* EXERCISE REQUIREMENTS:
Your output should be the lines from the one with "Terreno à venda" through the last line of the records below, exactly as written, minus the pictures.

* LISTED ENTRIES:
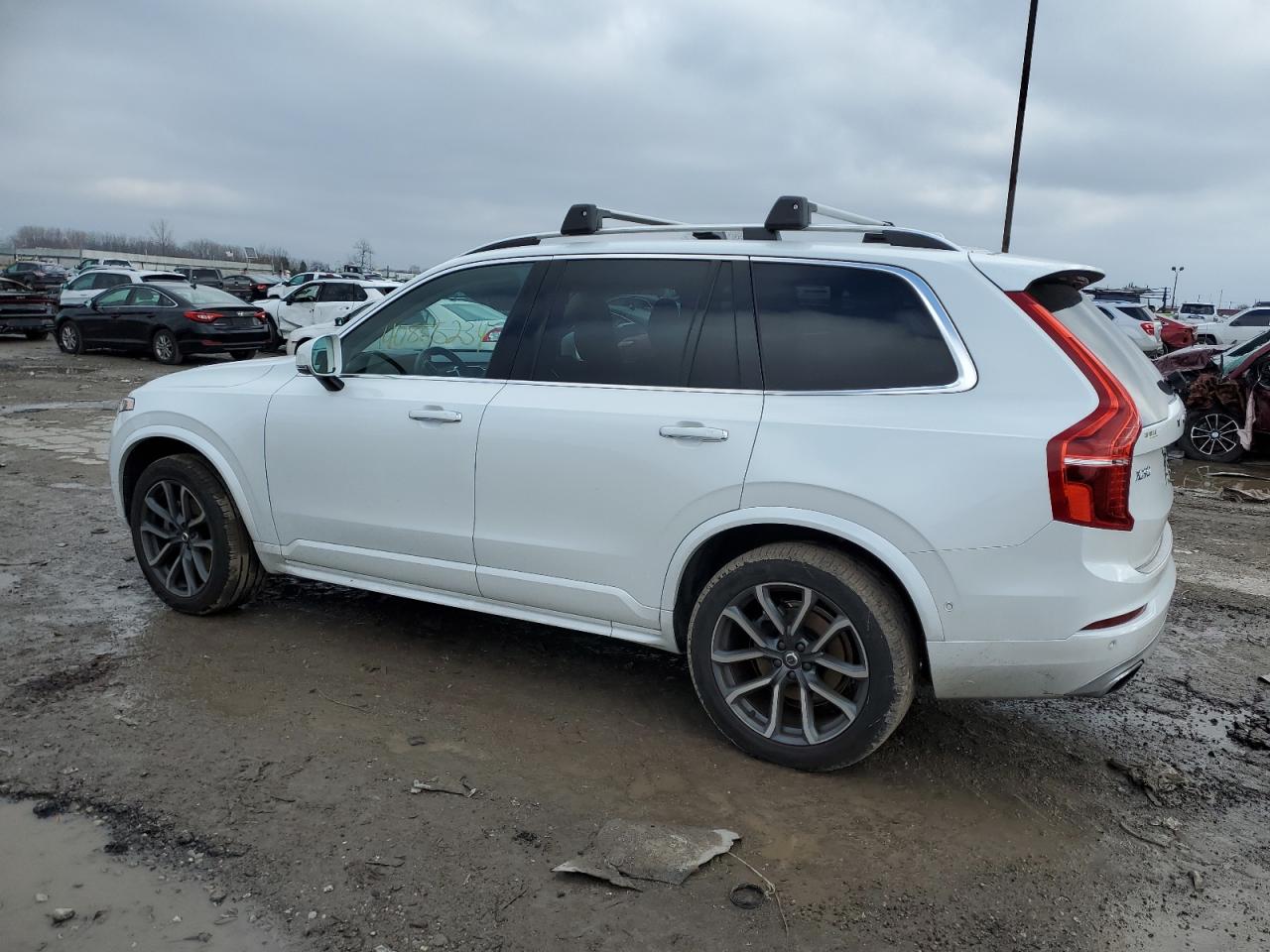 Автомобіль VOLVO XC90 T6 MOMENTUM 2019 | GrandCar Автомобіль VOLVO XC90 T6 MOMENTUM 2019 | GrandCar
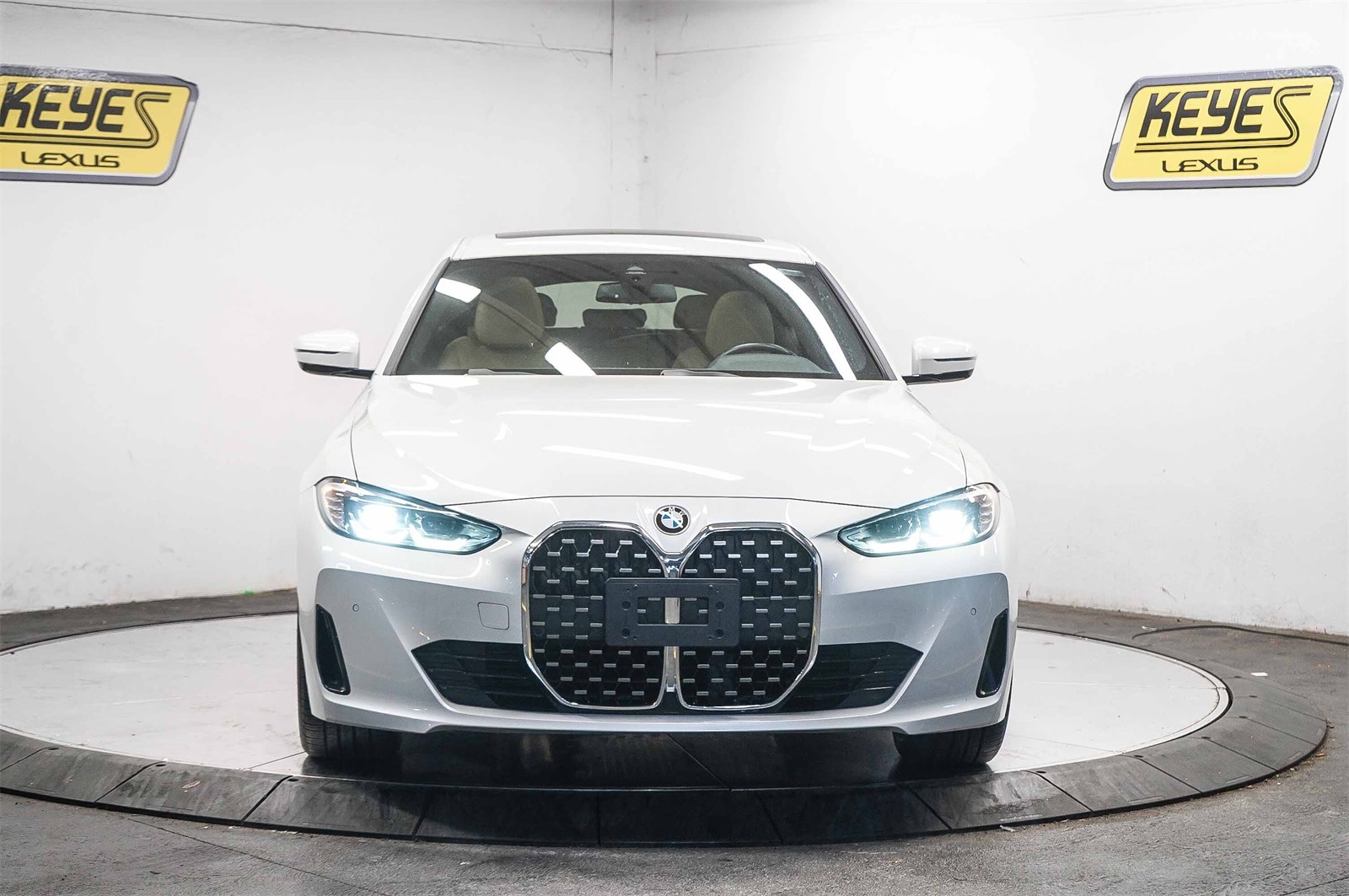 Thumbnail: 2023 BMW 4 Series - 6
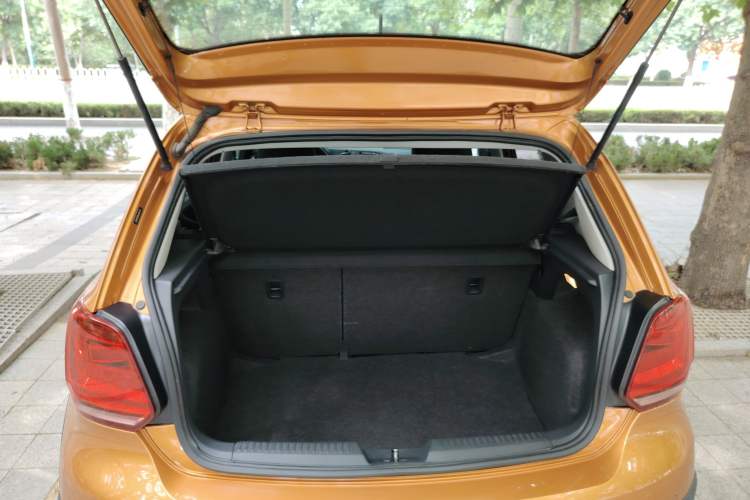 Used Volkswagen Polo 2018 1.5L Cross Polo Automatic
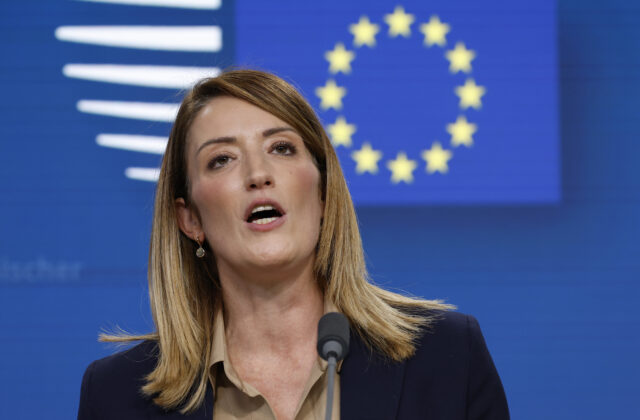 Europoslanci schválili pôžičku Ukrajine krytú ruskými aktívami do 35 miliárd eur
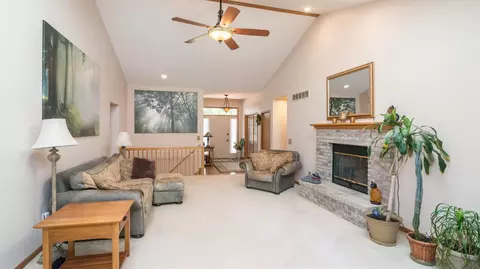 2056 Chestnut Cres, Saline, MI 48176 photo 25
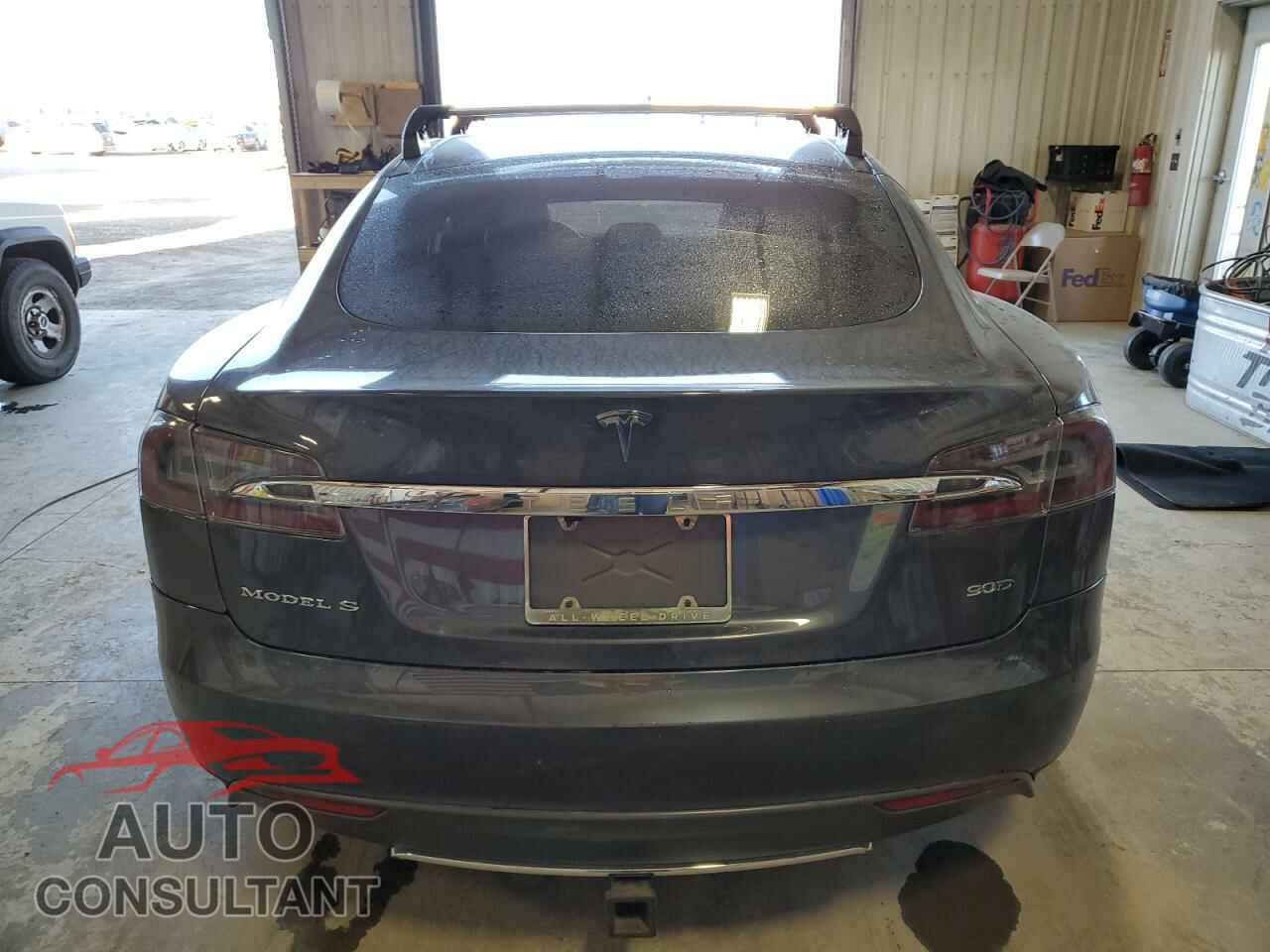 TESLA MODEL S 2016 - 5YJSA1E2XGF132409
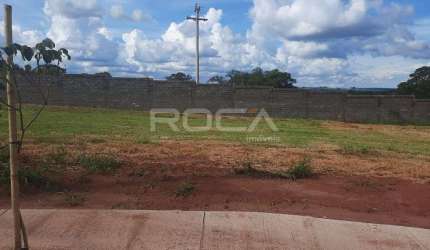 Terreno à venda em condomínio de alto padrão no Recanto do Sabiá, São Carlos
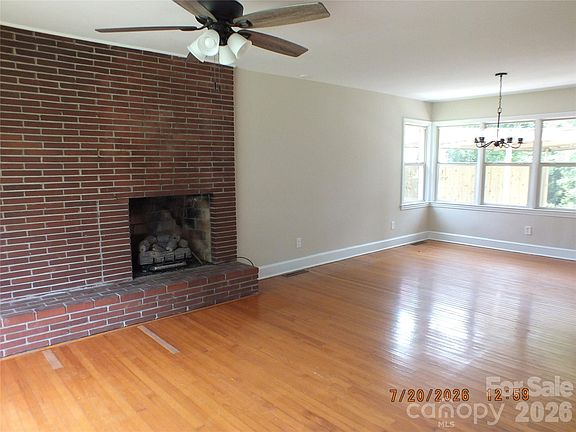 3rd image of 414 W Springs St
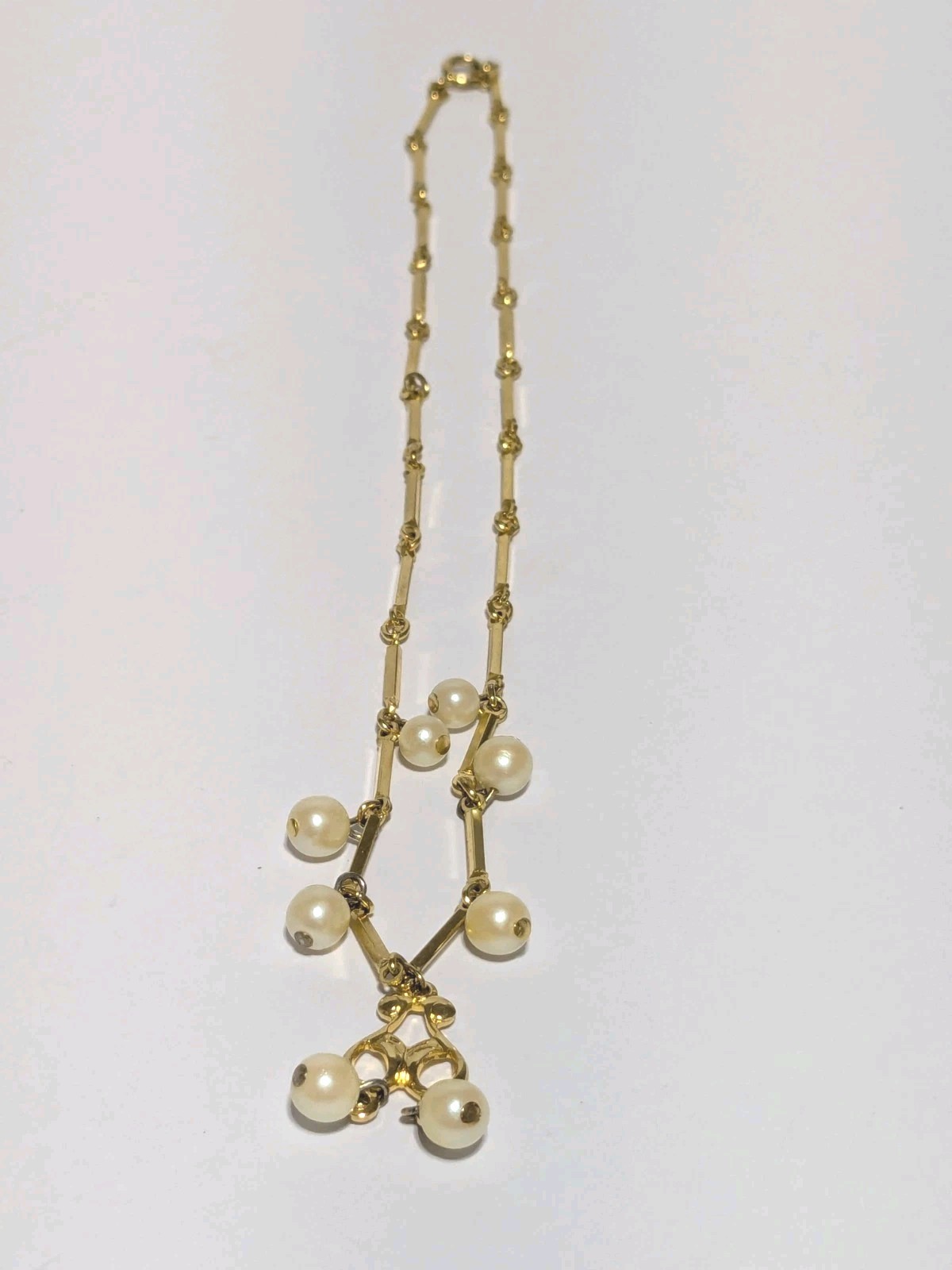 Gold Tone Bar Link & Faux White Pearl Pendant Necklace Vintage 14″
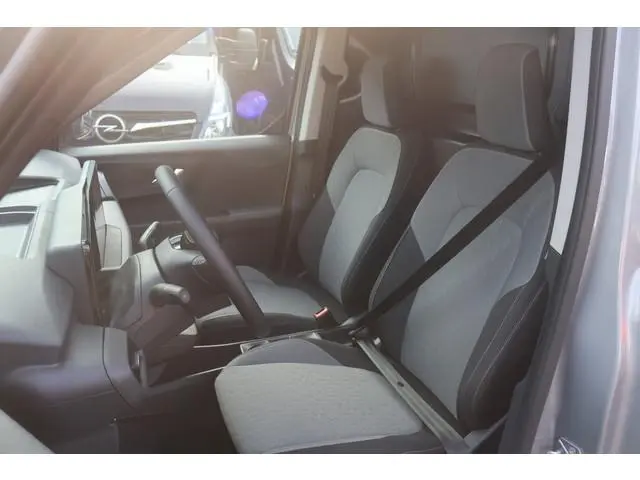 Ford E-Transit Courier Limited 44 kWh Airco 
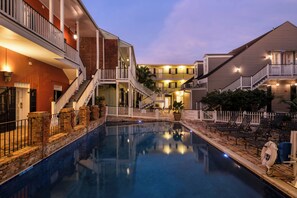 Piscina all'aperto, lettini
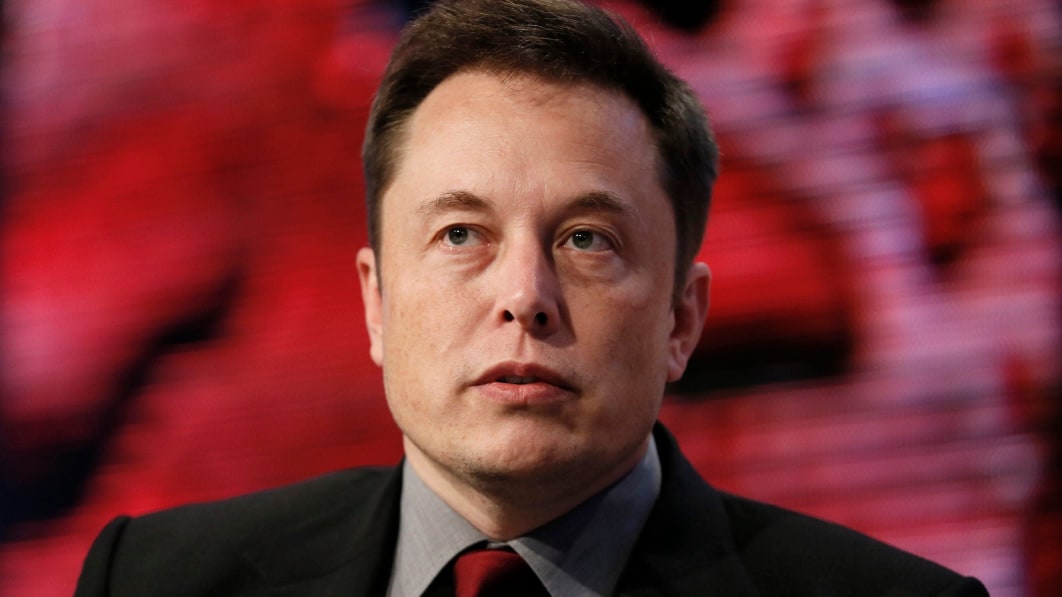 Elon Musk selling Tesla stock to buy Twitter is like selling caviar to buy $2 pizza, Wedbush's Dan Ives says | Autoblog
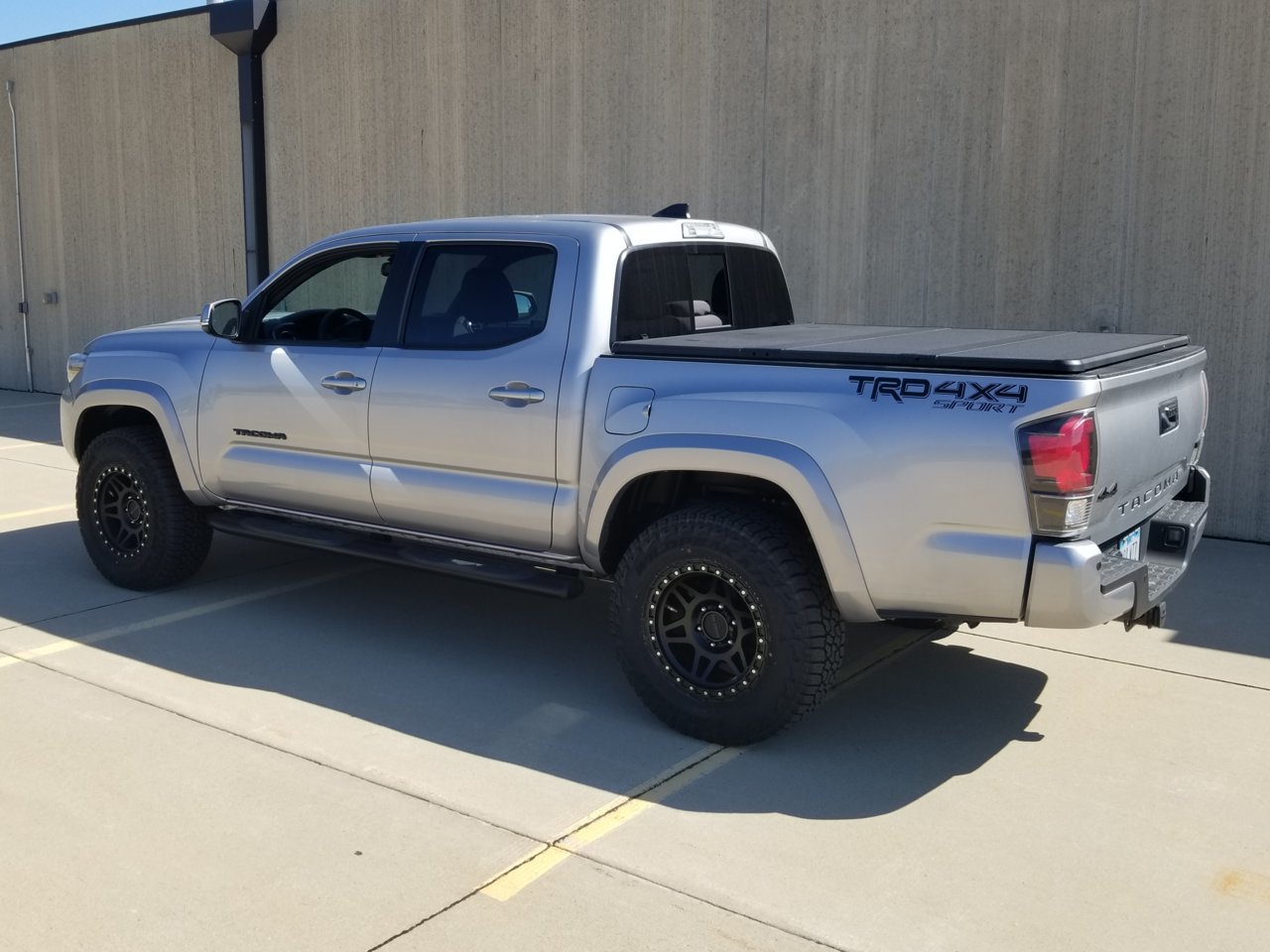 3rd gens with aftermarket wheels & NO LIFT | Page 6 | Tacoma World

* ANSWER FOR THE TASK:
 Terreno à venda em condomínio de alto padrão no Recanto do Sabiá, São Carlos
 3rd image of 414 W Springs St
 Gold Tone Bar Link & Faux White Pearl Pendant Necklace Vintage 14″
 Ford E-Transit Courier Limited 44 kWh Airco 
 Piscina all'aperto, lettini
 Elon Musk selling Tesla stock to buy Twitter is like selling caviar to buy $2 pizza, Wedbush's Dan Ives says | Autoblog
 3rd gens with aftermarket wheels & NO LIFT | Page 6 | Tacoma World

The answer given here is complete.